Дзыга Я.О. «Пушкин — все наше бытие» (Пушкинский вектор в творчестве И. Шмелева)


Ключевые слова: биография писателя, русская эмиграция первой волны, художественное воплощение национального самопознания, пушкинская традиция в литературе.

Интенсивный процесс воссоединения русской литературы XX века в единый поток на сегодняшний день нашел адекватное отражение в практике школьного преподавания. Ранее изъятый пласт литературы эмиграции в школьной программе представлен именами наиболее ярких писателей русского зарубежья, в числе которых И.С. Шмелев. При этом методологической основой изучения целостного литературного процесса являются этико-эстетические традиции русской классики. Особенно интересным с этой точки зрения представляется пушкинское влияние в творчестве Шмелева.

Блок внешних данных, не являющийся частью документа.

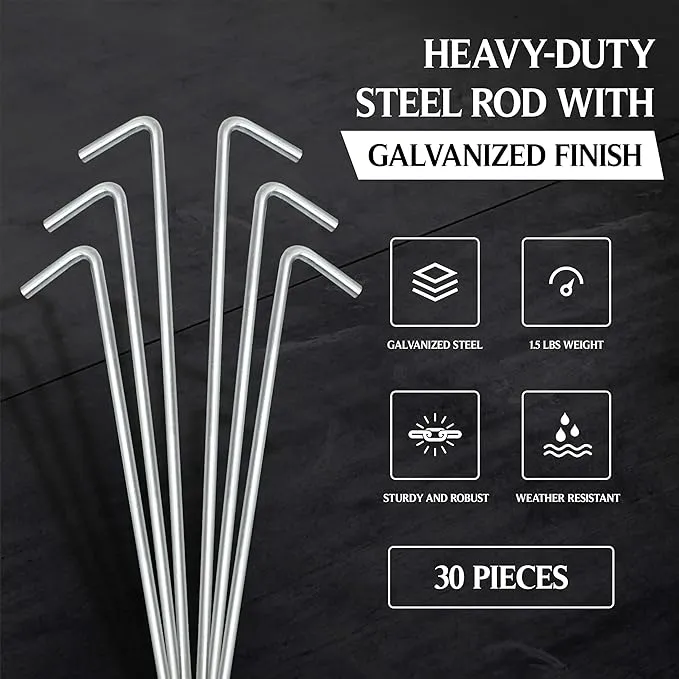 Tent Stakes Heavy Duty Metal, Galvanized Rust-Free Yard Stakes, Garden Edging Fence Hook | Tent Stakes Metal for Outdoor Camping, Tent Garden Stakes for Gardening & Canopies, Tent Pegs - by Ram-Pro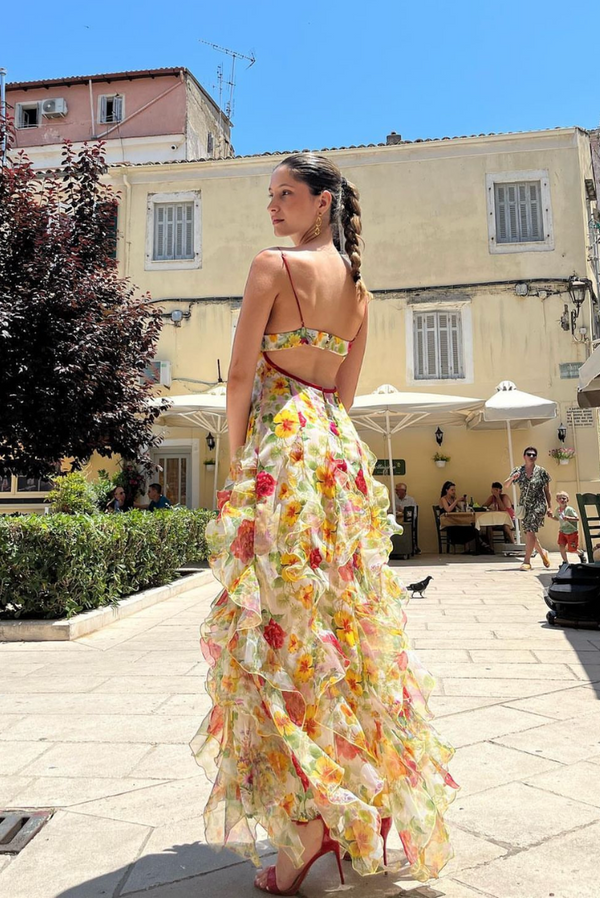 Velora — Abito Lungo in Chiffon con Stampa Rose e Spacco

Вся жизнь автора «Лета Господня» протекала «в присутствии» Пушкина. Первое детское воспоминание о классике связано с тяжелой семейной драмой Шмелевых. Подряд по постройке трибун для публики на открытии памятника Пушкину в 1880 году был последним в жизни отца будущего писателя.

С этим событием связаны первые детские впечатления Шмелева о русском гении. Ко времени постройки трибун мальчик уже знал и «Птичку Божию», и «Румяной зарею», успел прочитать всего «Вещего Олега», но его представления о поэте носили смутный характер. «Я рад, что отец строит «места» для Пушкина. <...> Через это Пушкин становится мне близким, нашим. Я рад, но ясно не понимаю — чему я рад»1.

Наряду с Достоевским и Толстым, автор «Евгения Онегина» был кумиром Шмелева на протяжении всей жизни. С именем поэта связаны сильнейшие гимназические переживания Шмелева, оказавшие влияние на все последующее творчество. «Перед словом писатель я благоговел, — вспоминал Иван Сергеевич в «Автобиографии». — И тогда, не навеянное уроками русского языка, а добытое внутренним опытом, встали передо мной как две великие грани Пушкин и Толстой» (1,17).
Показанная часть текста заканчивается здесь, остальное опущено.